Aim of the task: Check each line of the records below and collect those holding "Kitchen".

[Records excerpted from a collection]
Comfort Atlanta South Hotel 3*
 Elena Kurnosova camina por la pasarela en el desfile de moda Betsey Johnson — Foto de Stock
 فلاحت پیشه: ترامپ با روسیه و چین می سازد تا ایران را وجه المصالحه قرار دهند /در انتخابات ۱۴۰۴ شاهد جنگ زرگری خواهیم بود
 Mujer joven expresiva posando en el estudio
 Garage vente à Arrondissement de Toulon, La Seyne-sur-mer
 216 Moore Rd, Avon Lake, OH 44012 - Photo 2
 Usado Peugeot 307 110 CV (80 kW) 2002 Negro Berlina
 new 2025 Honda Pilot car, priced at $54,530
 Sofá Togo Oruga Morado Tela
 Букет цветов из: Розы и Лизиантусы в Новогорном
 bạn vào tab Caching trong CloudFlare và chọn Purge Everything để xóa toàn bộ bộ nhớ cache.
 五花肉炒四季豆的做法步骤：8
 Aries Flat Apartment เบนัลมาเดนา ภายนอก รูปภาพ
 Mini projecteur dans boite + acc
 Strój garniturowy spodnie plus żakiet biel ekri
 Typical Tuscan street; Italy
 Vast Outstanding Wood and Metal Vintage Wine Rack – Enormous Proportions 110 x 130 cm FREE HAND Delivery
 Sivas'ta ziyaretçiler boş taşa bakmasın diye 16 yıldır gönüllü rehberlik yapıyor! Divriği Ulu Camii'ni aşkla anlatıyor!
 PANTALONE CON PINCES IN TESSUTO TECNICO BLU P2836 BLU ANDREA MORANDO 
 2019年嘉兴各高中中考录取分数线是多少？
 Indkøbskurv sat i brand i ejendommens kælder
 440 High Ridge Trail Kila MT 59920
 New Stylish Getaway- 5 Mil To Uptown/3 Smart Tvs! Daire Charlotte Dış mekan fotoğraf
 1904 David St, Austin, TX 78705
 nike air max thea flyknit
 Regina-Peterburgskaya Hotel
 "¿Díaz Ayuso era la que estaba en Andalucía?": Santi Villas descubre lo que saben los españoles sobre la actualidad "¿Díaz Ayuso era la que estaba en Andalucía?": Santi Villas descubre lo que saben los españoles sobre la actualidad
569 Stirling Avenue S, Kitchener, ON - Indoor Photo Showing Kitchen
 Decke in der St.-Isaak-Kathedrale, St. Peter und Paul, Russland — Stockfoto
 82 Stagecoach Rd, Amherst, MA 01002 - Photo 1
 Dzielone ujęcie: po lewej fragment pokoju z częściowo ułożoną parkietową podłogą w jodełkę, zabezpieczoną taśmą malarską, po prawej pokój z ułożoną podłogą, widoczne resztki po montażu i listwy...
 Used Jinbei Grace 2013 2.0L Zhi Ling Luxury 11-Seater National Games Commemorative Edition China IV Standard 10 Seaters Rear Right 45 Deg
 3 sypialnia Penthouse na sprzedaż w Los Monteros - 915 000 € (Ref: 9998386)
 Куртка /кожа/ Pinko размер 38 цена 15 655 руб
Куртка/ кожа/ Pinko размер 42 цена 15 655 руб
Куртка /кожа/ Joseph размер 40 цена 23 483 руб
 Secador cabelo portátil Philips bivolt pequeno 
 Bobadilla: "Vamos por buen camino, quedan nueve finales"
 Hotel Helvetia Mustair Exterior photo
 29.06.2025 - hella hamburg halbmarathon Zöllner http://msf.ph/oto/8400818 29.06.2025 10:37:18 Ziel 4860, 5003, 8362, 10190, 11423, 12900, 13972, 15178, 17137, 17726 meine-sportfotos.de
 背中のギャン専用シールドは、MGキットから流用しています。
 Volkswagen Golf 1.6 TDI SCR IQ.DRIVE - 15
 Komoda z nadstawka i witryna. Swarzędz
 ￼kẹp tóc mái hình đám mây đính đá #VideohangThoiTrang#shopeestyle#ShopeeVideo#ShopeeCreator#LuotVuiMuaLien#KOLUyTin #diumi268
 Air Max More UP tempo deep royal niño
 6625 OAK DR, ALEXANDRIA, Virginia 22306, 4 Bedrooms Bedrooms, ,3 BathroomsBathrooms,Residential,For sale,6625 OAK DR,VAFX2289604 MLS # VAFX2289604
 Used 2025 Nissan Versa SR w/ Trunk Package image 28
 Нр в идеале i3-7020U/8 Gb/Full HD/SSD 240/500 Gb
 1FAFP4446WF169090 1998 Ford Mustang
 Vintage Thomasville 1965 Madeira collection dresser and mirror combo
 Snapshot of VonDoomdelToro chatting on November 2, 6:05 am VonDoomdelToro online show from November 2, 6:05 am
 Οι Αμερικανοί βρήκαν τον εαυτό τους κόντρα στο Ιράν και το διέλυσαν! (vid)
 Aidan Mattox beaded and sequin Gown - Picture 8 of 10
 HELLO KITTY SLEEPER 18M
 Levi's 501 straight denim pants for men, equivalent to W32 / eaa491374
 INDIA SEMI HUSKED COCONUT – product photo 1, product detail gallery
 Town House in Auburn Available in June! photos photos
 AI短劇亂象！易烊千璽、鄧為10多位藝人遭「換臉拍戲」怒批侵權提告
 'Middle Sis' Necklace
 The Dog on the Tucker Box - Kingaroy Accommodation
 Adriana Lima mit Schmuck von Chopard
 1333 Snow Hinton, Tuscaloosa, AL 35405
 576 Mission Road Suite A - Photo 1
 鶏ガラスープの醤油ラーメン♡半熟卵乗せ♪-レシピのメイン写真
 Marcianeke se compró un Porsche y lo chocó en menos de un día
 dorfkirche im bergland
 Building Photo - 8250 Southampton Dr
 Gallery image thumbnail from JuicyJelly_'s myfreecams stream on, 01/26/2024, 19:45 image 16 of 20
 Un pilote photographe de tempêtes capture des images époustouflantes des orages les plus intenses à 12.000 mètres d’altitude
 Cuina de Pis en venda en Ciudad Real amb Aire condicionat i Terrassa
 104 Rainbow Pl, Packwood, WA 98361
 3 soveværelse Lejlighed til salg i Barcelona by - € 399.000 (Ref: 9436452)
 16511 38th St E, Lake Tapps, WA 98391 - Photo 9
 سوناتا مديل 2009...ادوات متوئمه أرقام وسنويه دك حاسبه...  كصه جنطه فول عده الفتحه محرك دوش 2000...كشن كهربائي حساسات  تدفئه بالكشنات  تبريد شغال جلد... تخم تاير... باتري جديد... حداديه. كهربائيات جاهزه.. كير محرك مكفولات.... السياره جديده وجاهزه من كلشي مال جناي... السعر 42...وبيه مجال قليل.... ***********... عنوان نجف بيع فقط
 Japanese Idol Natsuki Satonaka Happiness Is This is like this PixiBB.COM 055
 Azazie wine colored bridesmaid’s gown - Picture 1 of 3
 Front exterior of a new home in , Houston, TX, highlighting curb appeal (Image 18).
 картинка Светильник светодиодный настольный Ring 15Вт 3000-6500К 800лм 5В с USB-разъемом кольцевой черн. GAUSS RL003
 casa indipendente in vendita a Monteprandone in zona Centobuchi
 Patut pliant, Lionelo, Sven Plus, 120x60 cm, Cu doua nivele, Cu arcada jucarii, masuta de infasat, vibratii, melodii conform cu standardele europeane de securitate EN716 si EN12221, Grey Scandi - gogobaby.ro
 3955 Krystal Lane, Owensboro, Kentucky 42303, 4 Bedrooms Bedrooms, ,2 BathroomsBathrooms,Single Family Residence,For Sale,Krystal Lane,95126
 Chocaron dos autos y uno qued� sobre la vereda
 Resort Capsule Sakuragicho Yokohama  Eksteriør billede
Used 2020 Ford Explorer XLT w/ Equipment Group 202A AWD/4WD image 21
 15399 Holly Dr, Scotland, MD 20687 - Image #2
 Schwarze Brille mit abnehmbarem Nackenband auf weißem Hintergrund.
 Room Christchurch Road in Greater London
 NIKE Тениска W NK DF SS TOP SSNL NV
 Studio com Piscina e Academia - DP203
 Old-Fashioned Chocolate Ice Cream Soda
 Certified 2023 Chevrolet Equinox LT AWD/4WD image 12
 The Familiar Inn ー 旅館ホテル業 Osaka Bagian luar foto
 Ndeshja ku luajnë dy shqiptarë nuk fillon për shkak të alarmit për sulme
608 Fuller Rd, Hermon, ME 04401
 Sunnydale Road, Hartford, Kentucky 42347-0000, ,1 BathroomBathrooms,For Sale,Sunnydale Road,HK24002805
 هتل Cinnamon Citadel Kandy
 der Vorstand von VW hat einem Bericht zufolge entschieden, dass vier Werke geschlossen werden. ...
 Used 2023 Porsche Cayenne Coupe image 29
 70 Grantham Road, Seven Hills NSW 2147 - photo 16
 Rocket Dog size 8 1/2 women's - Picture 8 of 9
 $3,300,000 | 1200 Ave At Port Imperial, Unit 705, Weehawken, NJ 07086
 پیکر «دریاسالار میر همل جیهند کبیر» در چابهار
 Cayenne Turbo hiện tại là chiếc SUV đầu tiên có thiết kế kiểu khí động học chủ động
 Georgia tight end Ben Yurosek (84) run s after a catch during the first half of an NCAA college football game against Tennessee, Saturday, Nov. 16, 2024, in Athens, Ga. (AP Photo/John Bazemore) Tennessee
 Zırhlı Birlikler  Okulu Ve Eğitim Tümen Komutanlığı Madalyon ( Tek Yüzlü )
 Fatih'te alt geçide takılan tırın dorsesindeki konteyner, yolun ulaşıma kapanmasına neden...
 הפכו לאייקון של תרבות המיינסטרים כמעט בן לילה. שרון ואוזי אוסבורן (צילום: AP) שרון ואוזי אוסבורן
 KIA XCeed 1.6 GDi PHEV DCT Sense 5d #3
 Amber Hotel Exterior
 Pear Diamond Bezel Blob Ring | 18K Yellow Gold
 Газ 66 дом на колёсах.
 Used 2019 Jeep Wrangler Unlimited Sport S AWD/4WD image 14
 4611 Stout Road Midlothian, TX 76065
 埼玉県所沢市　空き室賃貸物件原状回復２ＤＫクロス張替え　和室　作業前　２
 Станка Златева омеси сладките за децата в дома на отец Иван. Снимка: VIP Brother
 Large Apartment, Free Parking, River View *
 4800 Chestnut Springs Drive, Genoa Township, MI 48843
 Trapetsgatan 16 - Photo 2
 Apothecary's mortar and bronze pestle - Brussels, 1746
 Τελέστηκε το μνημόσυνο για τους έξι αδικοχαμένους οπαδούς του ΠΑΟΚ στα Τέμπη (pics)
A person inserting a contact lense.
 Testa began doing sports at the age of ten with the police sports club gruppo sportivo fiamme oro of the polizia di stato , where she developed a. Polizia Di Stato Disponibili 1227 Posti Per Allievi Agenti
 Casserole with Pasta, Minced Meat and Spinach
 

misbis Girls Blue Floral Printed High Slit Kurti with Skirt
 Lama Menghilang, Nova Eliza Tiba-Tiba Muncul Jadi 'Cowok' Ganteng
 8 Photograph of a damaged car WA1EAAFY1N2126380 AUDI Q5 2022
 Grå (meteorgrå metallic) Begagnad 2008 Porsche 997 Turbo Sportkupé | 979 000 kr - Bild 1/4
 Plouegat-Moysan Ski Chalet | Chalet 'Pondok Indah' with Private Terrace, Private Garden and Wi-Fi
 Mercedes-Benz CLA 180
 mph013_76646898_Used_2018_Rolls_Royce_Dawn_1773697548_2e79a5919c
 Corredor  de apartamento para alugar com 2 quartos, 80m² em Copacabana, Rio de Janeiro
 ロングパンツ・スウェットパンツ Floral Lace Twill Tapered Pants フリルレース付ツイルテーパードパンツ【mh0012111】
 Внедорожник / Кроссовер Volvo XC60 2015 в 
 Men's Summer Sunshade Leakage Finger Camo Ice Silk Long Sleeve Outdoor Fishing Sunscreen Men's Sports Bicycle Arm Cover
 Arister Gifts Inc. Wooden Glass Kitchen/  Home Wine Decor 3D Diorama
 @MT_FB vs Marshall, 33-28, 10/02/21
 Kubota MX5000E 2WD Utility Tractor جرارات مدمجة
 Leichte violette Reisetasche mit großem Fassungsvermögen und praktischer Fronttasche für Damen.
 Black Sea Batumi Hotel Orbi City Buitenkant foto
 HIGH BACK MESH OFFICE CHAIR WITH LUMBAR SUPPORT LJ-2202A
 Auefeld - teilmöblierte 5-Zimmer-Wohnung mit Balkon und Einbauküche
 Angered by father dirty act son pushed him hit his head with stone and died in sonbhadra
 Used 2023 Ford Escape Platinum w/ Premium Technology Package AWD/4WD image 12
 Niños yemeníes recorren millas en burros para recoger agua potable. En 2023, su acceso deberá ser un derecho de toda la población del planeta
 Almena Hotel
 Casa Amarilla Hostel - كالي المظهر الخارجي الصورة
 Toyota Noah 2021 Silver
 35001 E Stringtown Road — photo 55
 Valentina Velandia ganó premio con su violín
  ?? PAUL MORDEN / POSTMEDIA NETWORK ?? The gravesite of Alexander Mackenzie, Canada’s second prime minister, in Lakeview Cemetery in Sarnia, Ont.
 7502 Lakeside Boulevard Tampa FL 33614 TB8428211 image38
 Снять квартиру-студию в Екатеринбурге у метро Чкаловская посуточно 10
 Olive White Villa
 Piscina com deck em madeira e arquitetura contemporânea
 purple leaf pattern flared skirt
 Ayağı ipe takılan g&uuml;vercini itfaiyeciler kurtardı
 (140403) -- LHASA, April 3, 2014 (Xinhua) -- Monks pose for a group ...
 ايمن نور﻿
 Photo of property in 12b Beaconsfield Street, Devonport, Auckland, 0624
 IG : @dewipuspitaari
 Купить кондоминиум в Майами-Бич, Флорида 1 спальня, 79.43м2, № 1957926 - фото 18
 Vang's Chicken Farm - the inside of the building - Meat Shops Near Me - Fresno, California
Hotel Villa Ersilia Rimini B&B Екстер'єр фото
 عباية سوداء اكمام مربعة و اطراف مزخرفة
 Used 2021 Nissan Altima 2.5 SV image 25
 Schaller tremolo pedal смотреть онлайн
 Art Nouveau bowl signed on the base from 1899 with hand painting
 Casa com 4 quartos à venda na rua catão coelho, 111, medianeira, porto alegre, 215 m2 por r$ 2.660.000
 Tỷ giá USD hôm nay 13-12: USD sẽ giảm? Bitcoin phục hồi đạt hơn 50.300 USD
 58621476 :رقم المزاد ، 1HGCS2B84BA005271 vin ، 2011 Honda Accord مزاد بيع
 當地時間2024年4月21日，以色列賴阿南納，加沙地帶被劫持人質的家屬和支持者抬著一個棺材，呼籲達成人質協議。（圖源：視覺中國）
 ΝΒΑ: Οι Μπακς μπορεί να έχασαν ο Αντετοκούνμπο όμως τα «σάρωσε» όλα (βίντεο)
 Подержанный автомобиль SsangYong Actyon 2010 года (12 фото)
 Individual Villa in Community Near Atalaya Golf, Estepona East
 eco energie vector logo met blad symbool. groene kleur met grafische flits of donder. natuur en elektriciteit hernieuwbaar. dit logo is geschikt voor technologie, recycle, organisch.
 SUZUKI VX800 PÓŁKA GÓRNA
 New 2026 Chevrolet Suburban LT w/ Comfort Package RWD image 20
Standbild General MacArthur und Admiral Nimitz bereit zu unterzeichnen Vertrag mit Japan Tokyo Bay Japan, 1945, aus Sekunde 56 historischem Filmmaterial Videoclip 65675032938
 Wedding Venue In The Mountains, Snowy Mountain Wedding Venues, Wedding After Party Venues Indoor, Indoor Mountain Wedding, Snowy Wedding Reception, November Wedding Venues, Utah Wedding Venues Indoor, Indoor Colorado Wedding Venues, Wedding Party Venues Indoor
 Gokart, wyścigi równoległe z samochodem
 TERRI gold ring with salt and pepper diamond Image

The answer:
569 Stirling Avenue S, Kitchener, ON - Indoor Photo Showing Kitchen
 Arister Gifts Inc. Wooden Glass Kitchen/  Home Wine Decor 3D Diorama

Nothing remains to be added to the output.